National Book Award finalist Allegra Goodman returns with a new novel, “Intuition.” In nonfiction, look for “Three Cups of Tea,” by Greg Mortenson. Thomas De Zengotita looks at the media, all of them, in his paperback release of “Mediated.” Coming in April, look for the novel, “Elements of Style,” by the late Wendy Wasserstein.
FICTION
Intuition, by Allegra Goodman, Dial, 344 pages, $25 |The author of the acclaimed “Kaaterskill Falls” returns with a story set in a cancer laboratory and centering on freedom and responsibilities associated with medical research.
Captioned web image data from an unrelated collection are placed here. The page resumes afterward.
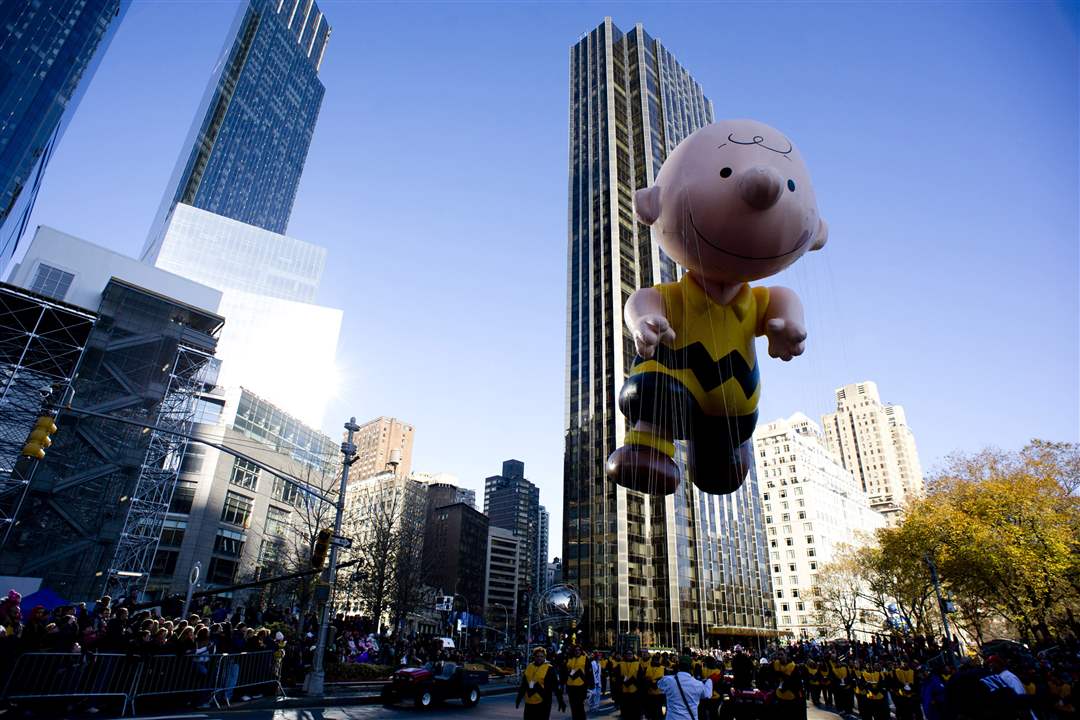 The-Charlie-Brown-balloon-floats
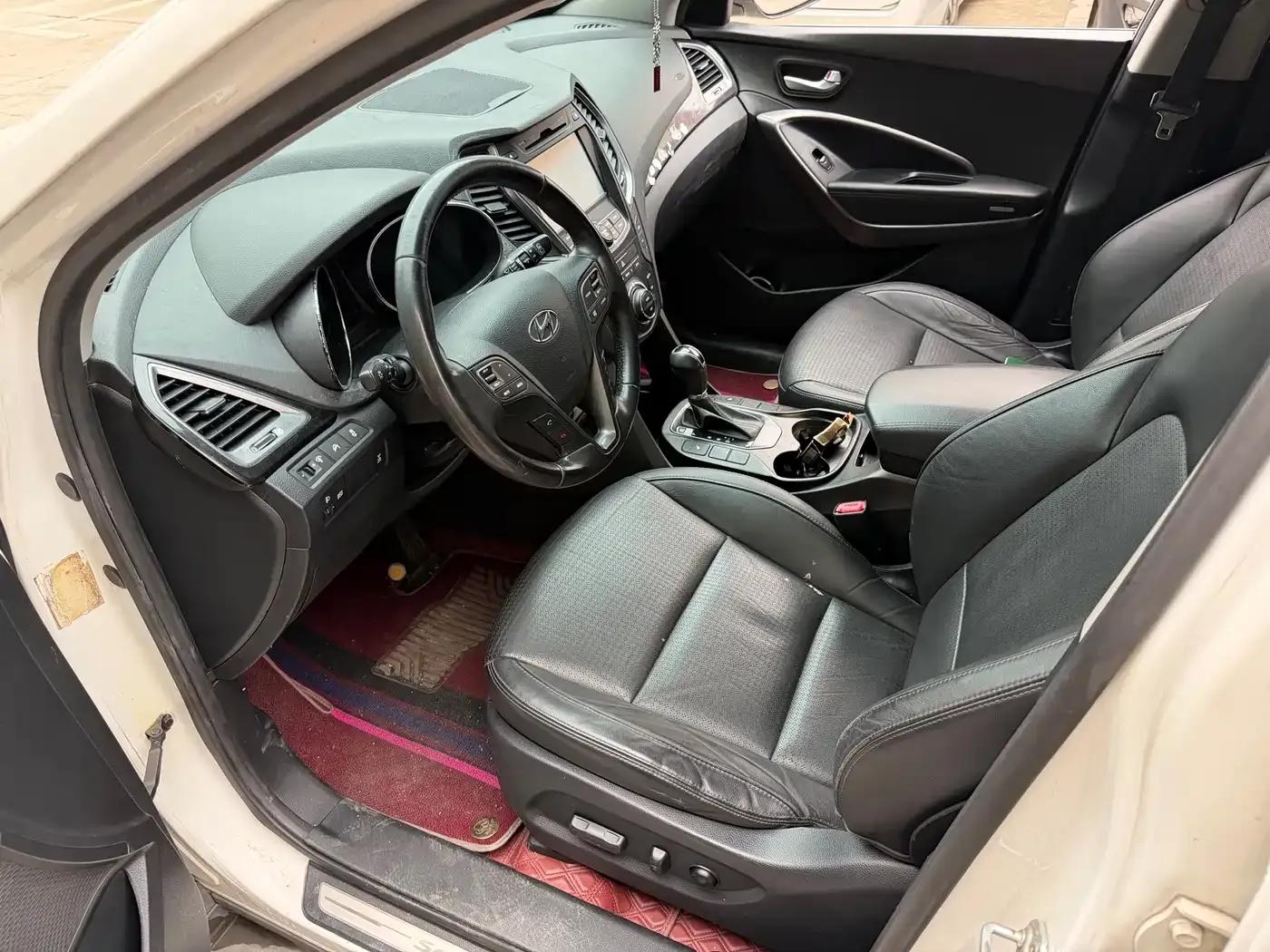 Geely Grand Hyatt 2013 3.0L 7-seater 4WD Comfort Edition — миниатюра 4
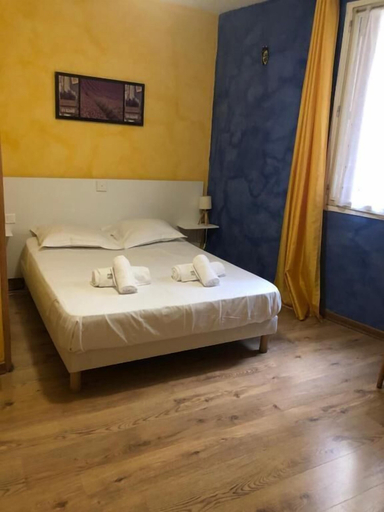 Bedroom 2, hotel francois 1er, Alpes-de-Haute-Provence
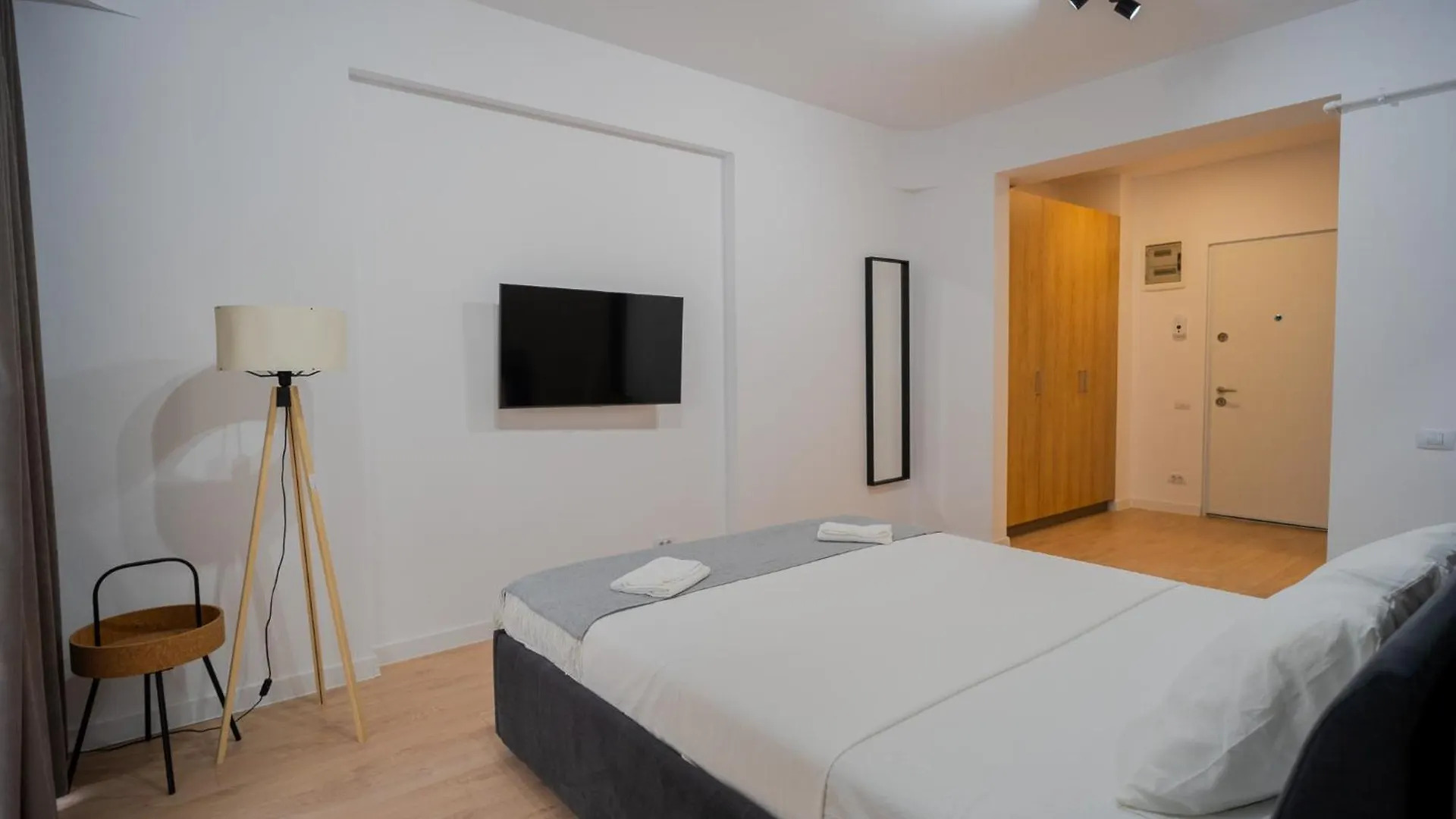 High-End Apartments In Politehnica Park - Iuliu Maniu 6R - New Bucharest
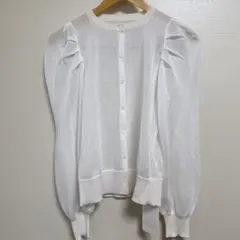 【新品未使用】ホワイト パフスリーブ カーディガン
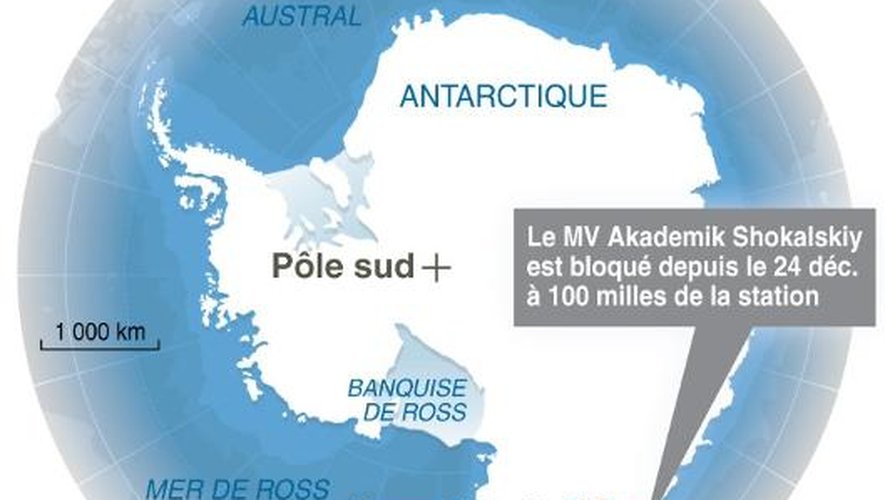 Carte de localisation du navire russe bloqué en Antarctique à 100 milles nautiques de la base Dumont d'Urville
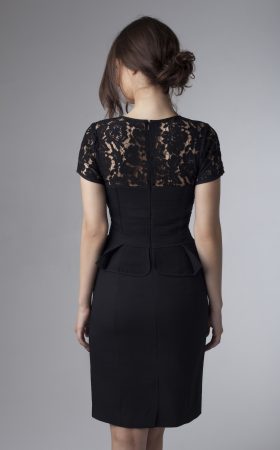 Коктейльна сукня з баскою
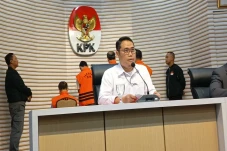 KPK Tahan Empat Tersangka...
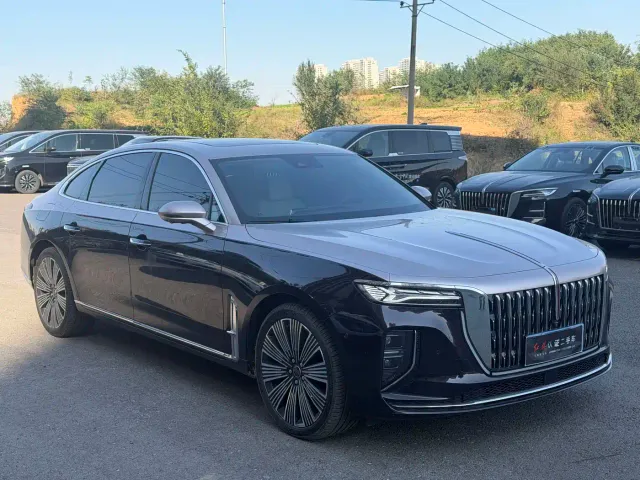 Hongqi H9 — Фото автомобиля 6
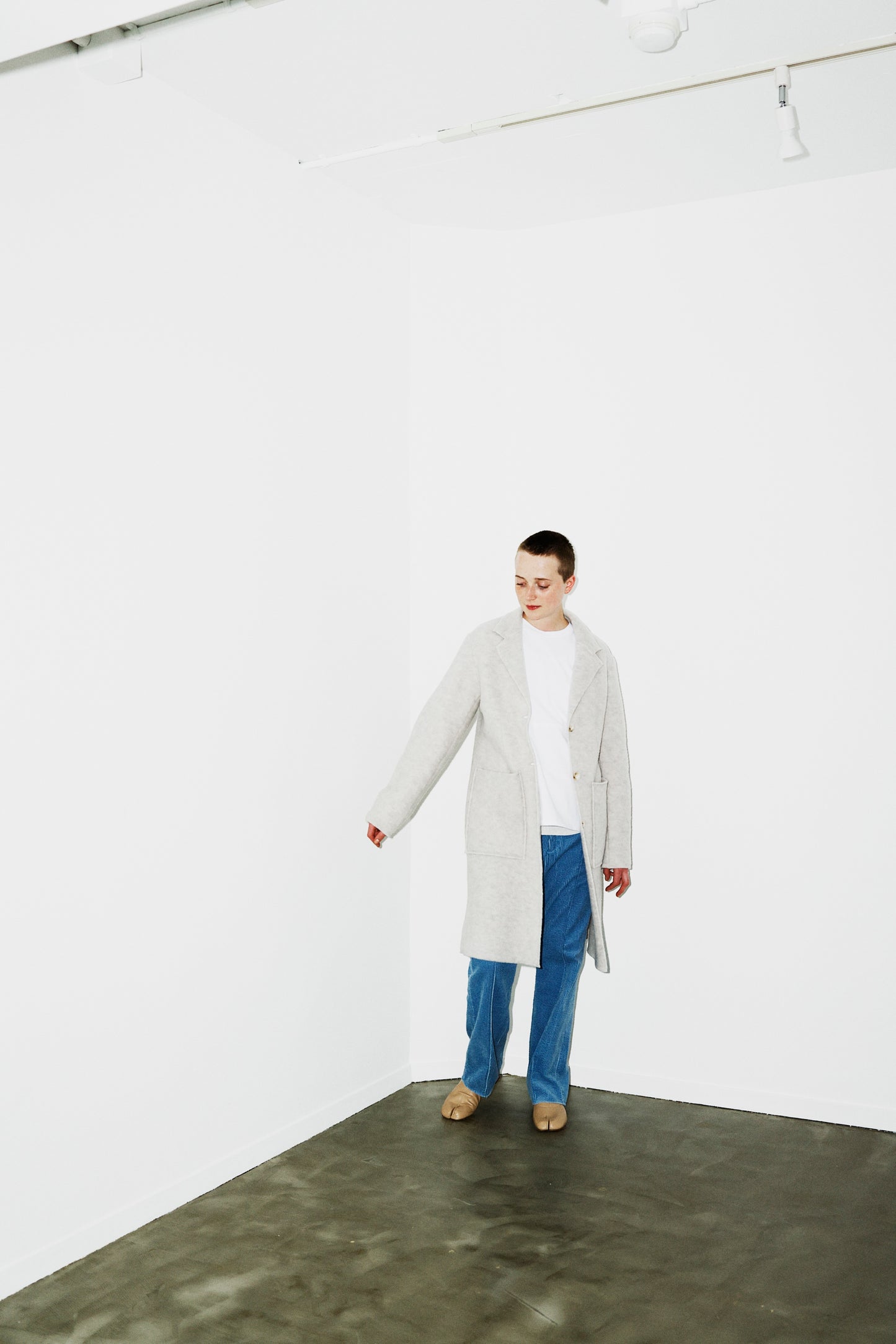 CORDUROY CENTER PLEATS PANTS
Lost, by Michael Robotham, Doubleday, 341 pages, $24.95|A London homicide detective wakes up in a hospital bed with a bullet wound in his leg and a case of amnesia.
The Woman Who Waited, by Andrei Makine and translated by Geoffrey Strachan, Arcade, 182 pages, $24|In a remote Russian village a woman has been waiting for three decades for her lover to return. He swore when he joined the Russian army that he would come back and marry her.
NONFICTION
Three Cups of Tea: One Man’s Mission to Fight Terrorism and Build Nations … One School at a Time, by Greg Mortenson and David Oliver Relin, Viking, 352 pages, $25.95|After a failed attempt to climb K2, Mortenson was nursed back to health in Pakistan. He vowed to build his saviors a school. Twelve years later, his institute has built 55 schools.
America’s Coming War With China: A Collision Course Over Taiwan, by Ted Galen Carpenter, Palgrave, 216 pages, $26.95|The author argues that Taiwan’s growing desire for independence from China and the U.S. support of those aims puts us at odds with China and shows how that conflict could be avoided.
Chasin’ the Bird: The Life and Legacy of Charlie Parker, by Brian Priestley, Oxford University Press, 264 pages, $28|While the author touches on the jazz great’s troubled personal life, the focus here is mostly on his music.
PAPERBACKS
Mediated: How the Media Shapes Your World and the Way You Live in It, by Thomas De Zengotita, Bloomsbury, 291 pages, $14.95|The author posits that the media have taken over the minds of millions of Americans and that everything we do and think and how we view the world is proscribed by the media.
A Lotus Grows in the Mud, by Goldie Hawn, Penguin, 464 pages, $15|Not a Hollywood tell-all, the author instead tells us about her life from “ugly duckling” childhood, her sudden rise to fame on TV’s “Laugh-In” and through her film career.
We Are All Fine Here, by Mary Guterson, Penguin, 208 pages, $13|In this first novel, the author answers the age-old question of whatever happened to the one who got away. It’s a sarcastic tale of unhappily marrieds in suburbia.
COMING UP
Elements of Style, by Wendy Wasserstein, Random House, 320, $23.95, April|This novel, by the Pulitzer-winning playwright who died Jan. 30 at age 55, is the smart and satiric story about New Yorkers after 9/11 who are the new urban gentry.
A Writer’s Life, by Gay Talese, Knopf, 400 pages, $26, April|Gay Talese has covered the waterfront as a journalist, including the civil rights movement and the sexual revolution. He talks about all this and more in this autobiography.
The Whole World Over, by Julia Glass, Pantheon, 512 pages, $25.95, June|The author of “Three Junes” comes back to us with a tale of a New York pastry chef’s trip out West and of a troubled marriage and about the accidents of life that determine who we are.